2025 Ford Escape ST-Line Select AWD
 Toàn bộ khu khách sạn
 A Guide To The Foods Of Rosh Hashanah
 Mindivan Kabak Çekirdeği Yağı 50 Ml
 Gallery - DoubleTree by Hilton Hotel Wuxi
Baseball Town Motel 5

----------

- What needs to be done
Only the lines from the one with "Toàn bộ khu khách sạn" through the last line of the material above are to be duplicated, exactly and with both ends kept.

- Reply to the exercise
 Toàn bộ khu khách sạn
 A Guide To The Foods Of Rosh Hashanah
 Mindivan Kabak Çekirdeği Yağı 50 Ml
 Gallery - DoubleTree by Hilton Hotel Wuxi
Baseball Town Motel 5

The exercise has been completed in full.